== Task to carry out ==
In your copy of the records, include every word exactly and no pictures.

== Task input ==
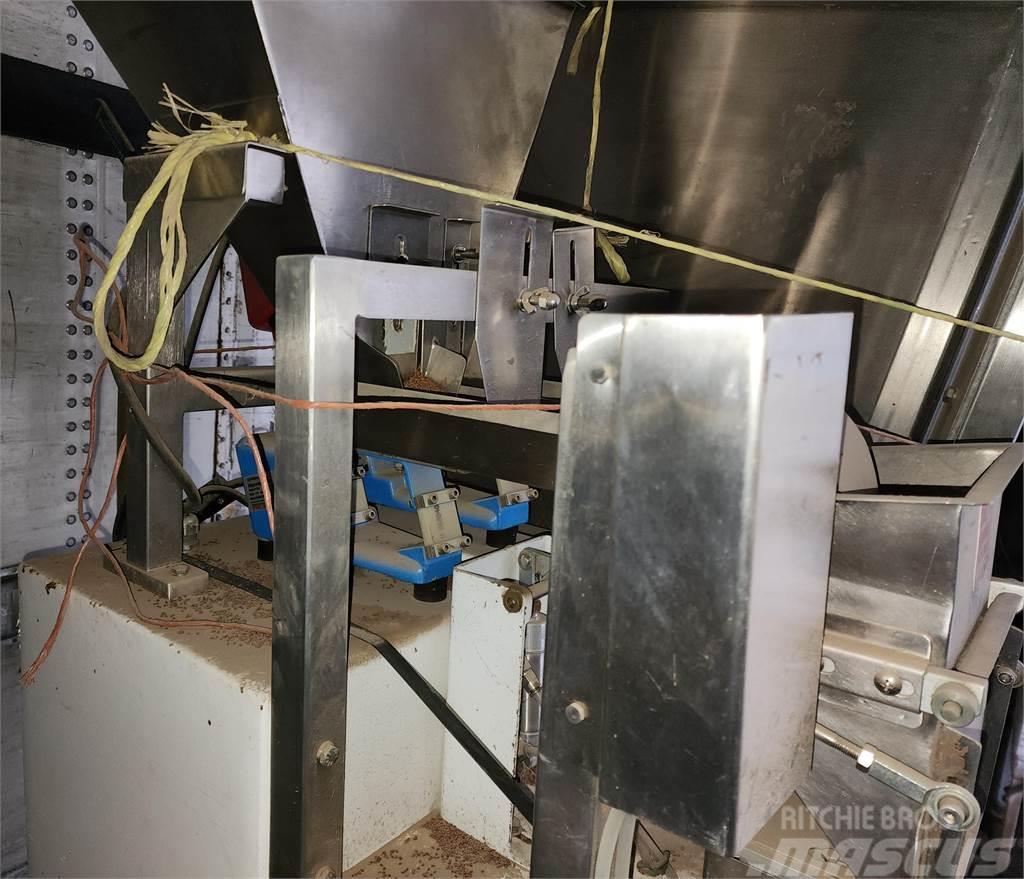 WEIGHPACK PAXIOM AEF-1 Vibratory Scale Anders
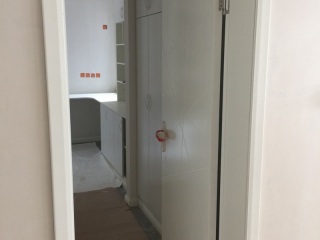 成品门及墙纸铺贴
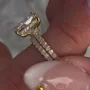 Radiantschliff Diamantweiß 925er Sterlingsilber Gelbgold Verstecktes Halo Trauring-Set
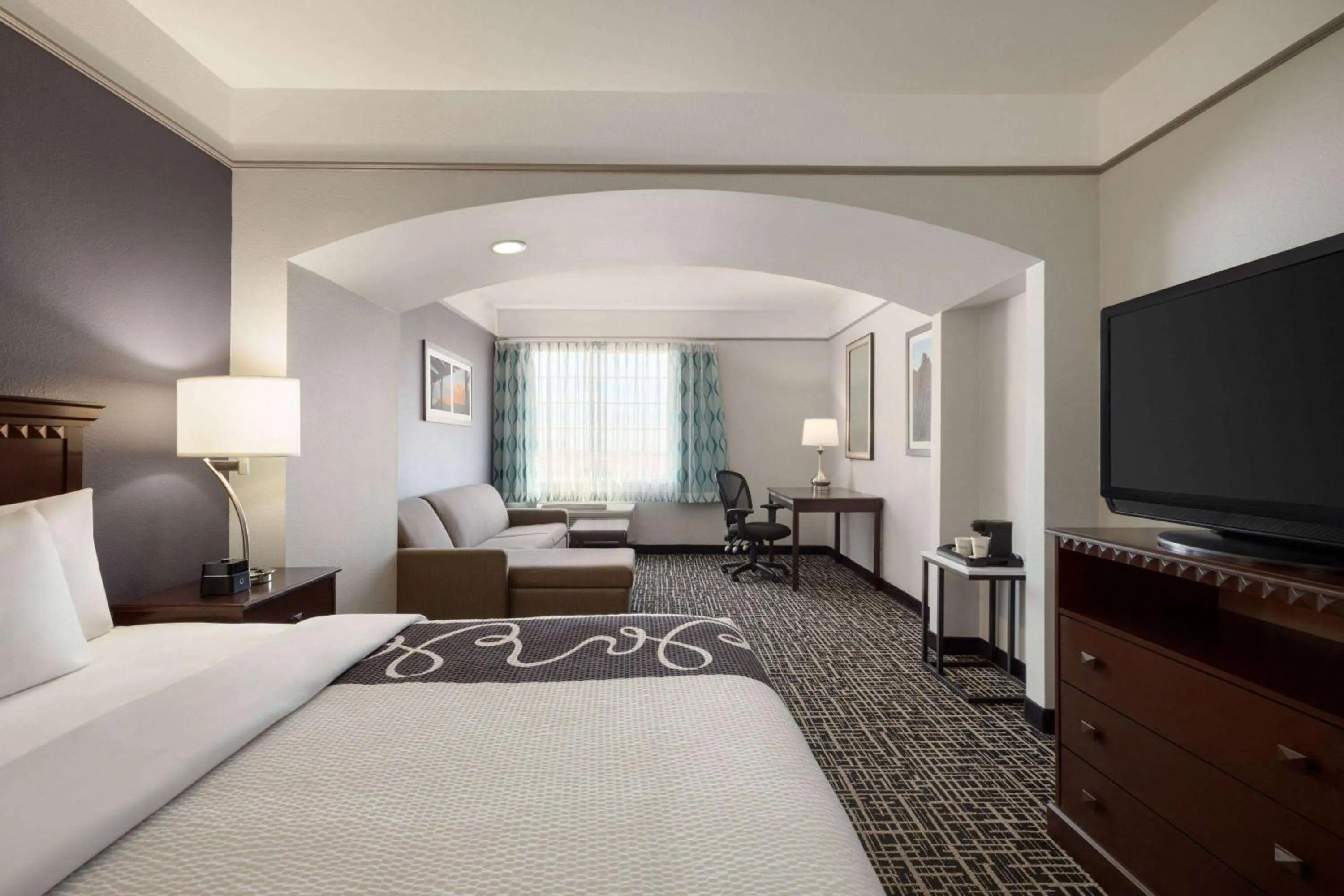 Photo of the whole room, Bed in La Quinta by Wyndham Dumas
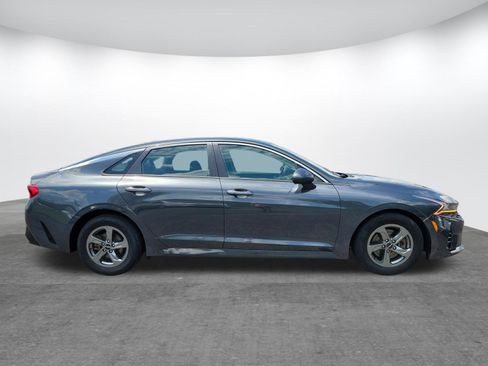 Used 2022 Kia K5 LXS FWD image 2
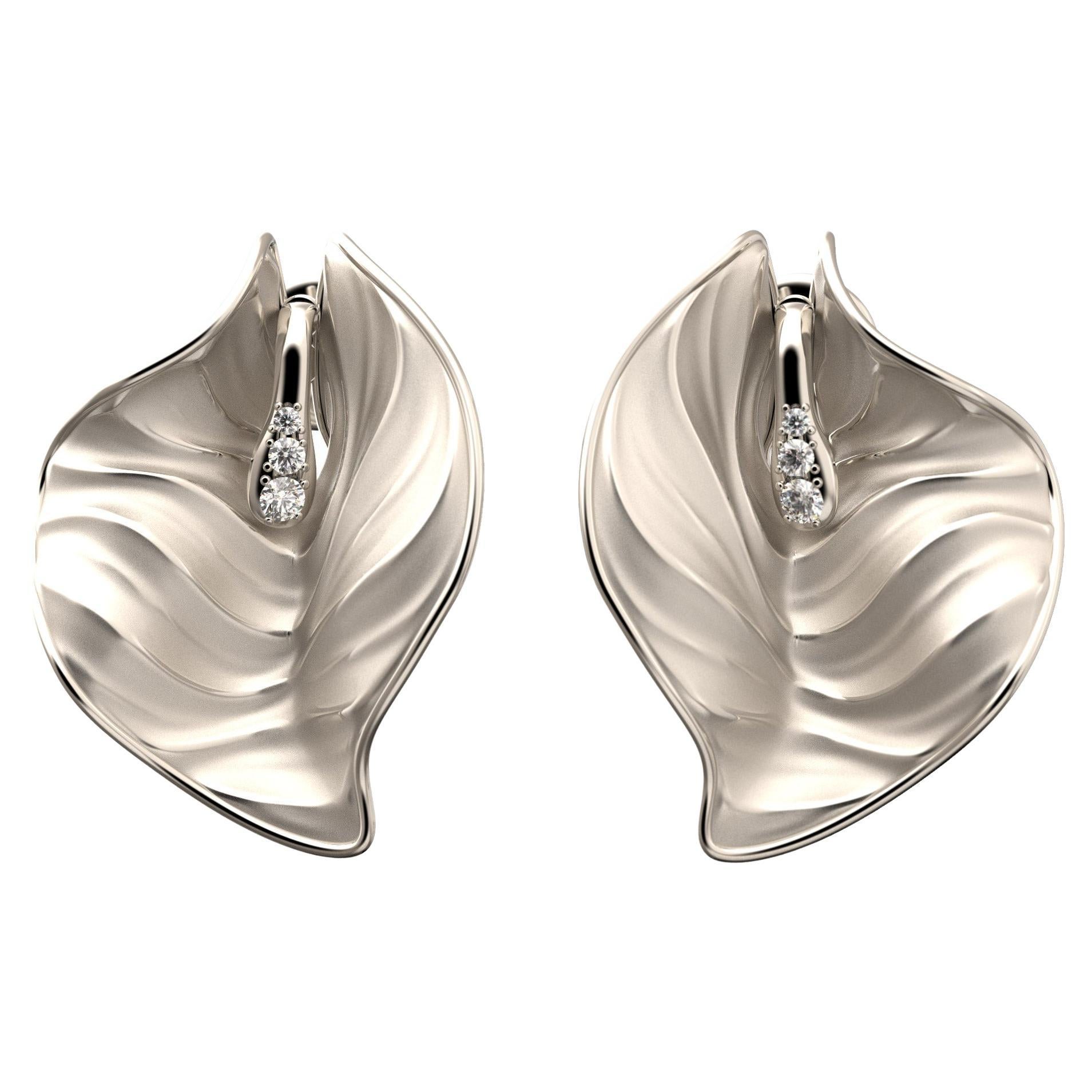 Calla earrings have an interplay of sinuous movements, embellished by the diamonds set on the pistil.
A sophisticated and unique piece of jewelry.  
Vento is a collection created to enhance feminine beauty with soft surface movements that dance like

== Task response ==
 WEIGHPACK PAXIOM AEF-1 Vibratory Scale Anders
 成品门及墙纸铺贴
 Radiantschliff Diamantweiß 925er Sterlingsilber Gelbgold Verstecktes Halo Trauring-Set
 Photo of the whole room, Bed in La Quinta by Wyndham Dumas
 Used 2022 Kia K5 LXS FWD image 2
 Calla earrings have an interplay of sinuous movements, embellished by the diamonds set on the pistil.
A sophisticated and unique piece of jewelry.  
Vento is a collection created to enhance feminine beauty with soft surface movements that dance like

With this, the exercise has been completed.